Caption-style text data
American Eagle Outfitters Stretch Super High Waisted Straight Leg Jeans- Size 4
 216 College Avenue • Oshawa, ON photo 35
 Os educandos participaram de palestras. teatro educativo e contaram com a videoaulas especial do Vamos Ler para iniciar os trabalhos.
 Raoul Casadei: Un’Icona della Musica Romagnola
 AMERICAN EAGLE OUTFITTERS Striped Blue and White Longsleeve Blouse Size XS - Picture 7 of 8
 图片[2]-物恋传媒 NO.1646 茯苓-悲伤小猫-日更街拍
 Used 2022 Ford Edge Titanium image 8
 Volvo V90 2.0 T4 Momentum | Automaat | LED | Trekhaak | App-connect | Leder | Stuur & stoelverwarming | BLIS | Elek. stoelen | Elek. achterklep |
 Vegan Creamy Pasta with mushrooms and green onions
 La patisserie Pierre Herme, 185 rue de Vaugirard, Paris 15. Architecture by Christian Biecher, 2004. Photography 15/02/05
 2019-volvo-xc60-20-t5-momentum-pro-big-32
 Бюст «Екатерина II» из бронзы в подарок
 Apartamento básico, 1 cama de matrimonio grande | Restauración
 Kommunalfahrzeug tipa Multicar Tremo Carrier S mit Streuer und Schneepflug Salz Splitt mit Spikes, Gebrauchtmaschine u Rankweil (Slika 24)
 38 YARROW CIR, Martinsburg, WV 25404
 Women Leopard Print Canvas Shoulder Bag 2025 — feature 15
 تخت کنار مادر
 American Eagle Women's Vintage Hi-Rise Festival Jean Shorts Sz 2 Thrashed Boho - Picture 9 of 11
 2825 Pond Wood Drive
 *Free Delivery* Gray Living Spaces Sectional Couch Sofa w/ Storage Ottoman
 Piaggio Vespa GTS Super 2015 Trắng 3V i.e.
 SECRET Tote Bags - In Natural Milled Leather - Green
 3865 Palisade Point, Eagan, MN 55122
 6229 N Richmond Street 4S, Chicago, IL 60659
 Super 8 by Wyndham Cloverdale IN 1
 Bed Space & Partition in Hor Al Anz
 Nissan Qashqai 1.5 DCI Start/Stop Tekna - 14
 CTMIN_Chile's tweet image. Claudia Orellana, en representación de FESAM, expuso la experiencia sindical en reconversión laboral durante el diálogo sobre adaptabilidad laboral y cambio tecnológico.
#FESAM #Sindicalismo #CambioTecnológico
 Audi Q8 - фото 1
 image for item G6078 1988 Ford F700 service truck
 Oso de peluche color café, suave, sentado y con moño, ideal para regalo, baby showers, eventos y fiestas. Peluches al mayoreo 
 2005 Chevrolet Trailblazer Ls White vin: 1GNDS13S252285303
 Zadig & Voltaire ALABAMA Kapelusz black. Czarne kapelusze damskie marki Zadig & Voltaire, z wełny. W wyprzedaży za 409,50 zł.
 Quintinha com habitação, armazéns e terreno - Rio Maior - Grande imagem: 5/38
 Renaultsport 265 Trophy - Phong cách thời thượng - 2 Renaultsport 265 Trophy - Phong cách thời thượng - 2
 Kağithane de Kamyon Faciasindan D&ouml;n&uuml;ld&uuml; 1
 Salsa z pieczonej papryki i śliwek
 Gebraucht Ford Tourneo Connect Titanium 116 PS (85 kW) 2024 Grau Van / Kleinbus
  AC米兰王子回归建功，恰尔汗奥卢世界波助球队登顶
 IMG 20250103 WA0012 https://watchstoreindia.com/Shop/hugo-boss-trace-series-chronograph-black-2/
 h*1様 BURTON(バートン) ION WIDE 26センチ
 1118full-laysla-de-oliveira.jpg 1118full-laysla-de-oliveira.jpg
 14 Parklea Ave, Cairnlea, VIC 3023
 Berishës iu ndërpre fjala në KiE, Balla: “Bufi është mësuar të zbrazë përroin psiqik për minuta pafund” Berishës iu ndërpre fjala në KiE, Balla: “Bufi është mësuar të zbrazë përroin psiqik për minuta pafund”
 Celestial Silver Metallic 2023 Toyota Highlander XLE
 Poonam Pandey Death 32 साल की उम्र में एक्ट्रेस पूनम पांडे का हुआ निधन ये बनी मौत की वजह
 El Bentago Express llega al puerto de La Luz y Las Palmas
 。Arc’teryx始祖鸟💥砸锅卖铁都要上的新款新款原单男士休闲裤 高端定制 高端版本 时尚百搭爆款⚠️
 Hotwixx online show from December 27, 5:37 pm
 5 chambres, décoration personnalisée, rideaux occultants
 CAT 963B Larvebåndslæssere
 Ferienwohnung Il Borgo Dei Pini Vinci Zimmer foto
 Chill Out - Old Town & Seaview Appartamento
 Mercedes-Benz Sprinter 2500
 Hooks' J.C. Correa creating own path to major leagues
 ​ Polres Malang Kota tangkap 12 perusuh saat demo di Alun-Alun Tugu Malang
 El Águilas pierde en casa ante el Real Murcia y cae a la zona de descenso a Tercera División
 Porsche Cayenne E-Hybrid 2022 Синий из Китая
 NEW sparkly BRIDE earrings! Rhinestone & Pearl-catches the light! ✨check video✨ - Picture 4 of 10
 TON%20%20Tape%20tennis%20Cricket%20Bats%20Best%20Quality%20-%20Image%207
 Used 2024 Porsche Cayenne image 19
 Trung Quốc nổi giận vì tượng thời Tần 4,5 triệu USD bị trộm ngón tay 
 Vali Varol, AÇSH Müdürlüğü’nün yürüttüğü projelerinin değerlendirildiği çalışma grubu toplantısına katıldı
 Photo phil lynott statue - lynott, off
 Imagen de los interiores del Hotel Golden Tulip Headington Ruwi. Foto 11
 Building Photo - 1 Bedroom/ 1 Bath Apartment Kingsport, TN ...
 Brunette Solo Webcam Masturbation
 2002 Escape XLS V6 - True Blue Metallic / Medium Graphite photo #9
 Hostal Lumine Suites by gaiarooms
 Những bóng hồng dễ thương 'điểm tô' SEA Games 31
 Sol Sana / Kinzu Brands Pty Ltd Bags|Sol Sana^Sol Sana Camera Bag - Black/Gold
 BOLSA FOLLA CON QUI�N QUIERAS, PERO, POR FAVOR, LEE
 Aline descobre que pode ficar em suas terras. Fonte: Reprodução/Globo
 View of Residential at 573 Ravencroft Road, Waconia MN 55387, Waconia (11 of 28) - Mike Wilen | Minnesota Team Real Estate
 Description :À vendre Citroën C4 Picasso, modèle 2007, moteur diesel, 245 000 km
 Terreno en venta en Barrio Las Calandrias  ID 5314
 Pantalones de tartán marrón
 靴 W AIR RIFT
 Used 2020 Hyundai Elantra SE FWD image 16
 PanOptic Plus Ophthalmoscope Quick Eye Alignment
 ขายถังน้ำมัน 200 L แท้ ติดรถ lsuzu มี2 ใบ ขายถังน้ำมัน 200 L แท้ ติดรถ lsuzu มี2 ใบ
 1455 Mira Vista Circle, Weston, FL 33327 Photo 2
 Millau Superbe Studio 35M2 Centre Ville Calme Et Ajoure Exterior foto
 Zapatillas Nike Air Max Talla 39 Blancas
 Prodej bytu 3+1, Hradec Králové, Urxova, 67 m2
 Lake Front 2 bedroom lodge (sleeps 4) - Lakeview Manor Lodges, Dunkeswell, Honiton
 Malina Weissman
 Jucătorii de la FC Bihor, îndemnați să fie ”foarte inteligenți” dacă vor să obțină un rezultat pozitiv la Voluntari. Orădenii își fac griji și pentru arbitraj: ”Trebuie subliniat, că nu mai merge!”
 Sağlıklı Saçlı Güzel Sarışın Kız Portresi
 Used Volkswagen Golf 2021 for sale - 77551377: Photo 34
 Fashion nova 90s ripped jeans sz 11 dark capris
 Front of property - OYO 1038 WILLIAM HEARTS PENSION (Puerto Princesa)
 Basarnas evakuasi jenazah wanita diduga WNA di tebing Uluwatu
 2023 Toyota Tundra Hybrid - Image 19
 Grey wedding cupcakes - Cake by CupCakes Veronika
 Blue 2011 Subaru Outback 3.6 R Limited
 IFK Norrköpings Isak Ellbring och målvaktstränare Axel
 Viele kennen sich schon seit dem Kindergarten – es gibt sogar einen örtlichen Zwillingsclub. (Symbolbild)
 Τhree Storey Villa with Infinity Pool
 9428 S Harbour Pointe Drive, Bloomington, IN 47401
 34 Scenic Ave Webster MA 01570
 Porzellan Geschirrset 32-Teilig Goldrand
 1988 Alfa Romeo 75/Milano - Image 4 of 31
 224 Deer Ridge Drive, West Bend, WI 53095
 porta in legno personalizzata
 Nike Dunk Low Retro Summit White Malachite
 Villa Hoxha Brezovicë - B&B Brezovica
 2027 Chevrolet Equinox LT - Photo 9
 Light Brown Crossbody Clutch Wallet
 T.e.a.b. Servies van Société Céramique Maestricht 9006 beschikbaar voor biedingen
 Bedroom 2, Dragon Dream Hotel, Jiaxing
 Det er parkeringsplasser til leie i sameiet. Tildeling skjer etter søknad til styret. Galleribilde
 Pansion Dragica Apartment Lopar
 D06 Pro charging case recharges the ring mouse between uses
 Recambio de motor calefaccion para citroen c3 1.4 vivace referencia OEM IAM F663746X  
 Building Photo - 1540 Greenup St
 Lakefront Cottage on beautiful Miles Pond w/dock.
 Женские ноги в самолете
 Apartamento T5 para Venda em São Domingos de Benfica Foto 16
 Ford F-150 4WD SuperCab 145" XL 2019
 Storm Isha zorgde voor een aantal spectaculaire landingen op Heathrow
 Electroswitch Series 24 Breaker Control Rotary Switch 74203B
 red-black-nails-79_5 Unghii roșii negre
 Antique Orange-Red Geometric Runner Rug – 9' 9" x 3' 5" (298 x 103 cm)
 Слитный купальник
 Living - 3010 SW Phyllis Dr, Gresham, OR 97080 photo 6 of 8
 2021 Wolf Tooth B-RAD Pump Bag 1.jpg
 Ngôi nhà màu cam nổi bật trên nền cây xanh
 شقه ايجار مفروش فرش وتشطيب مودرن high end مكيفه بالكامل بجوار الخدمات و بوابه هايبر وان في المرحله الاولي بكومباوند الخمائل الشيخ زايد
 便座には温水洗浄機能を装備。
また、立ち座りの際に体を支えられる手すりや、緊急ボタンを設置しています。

EXERCISE REQUIREMENTS >> What is needed is a verbatim copy of every line in the records above from the one containing "Women Leopard Print" down to the one containing "Nissan Qashqai 1.5 DCI Start/Stop Tekna - 14", both included, and nothing more.

RESPONSE >>
 Women Leopard Print Canvas Shoulder Bag 2025 — feature 15
 تخت کنار مادر
 American Eagle Women's Vintage Hi-Rise Festival Jean Shorts Sz 2 Thrashed Boho - Picture 9 of 11
 2825 Pond Wood Drive
 *Free Delivery* Gray Living Spaces Sectional Couch Sofa w/ Storage Ottoman
 Piaggio Vespa GTS Super 2015 Trắng 3V i.e.
 SECRET Tote Bags - In Natural Milled Leather - Green
 3865 Palisade Point, Eagan, MN 55122
 6229 N Richmond Street 4S, Chicago, IL 60659
 Super 8 by Wyndham Cloverdale IN 1
 Bed Space & Partition in Hor Al Anz
 Nissan Qashqai 1.5 DCI Start/Stop Tekna - 14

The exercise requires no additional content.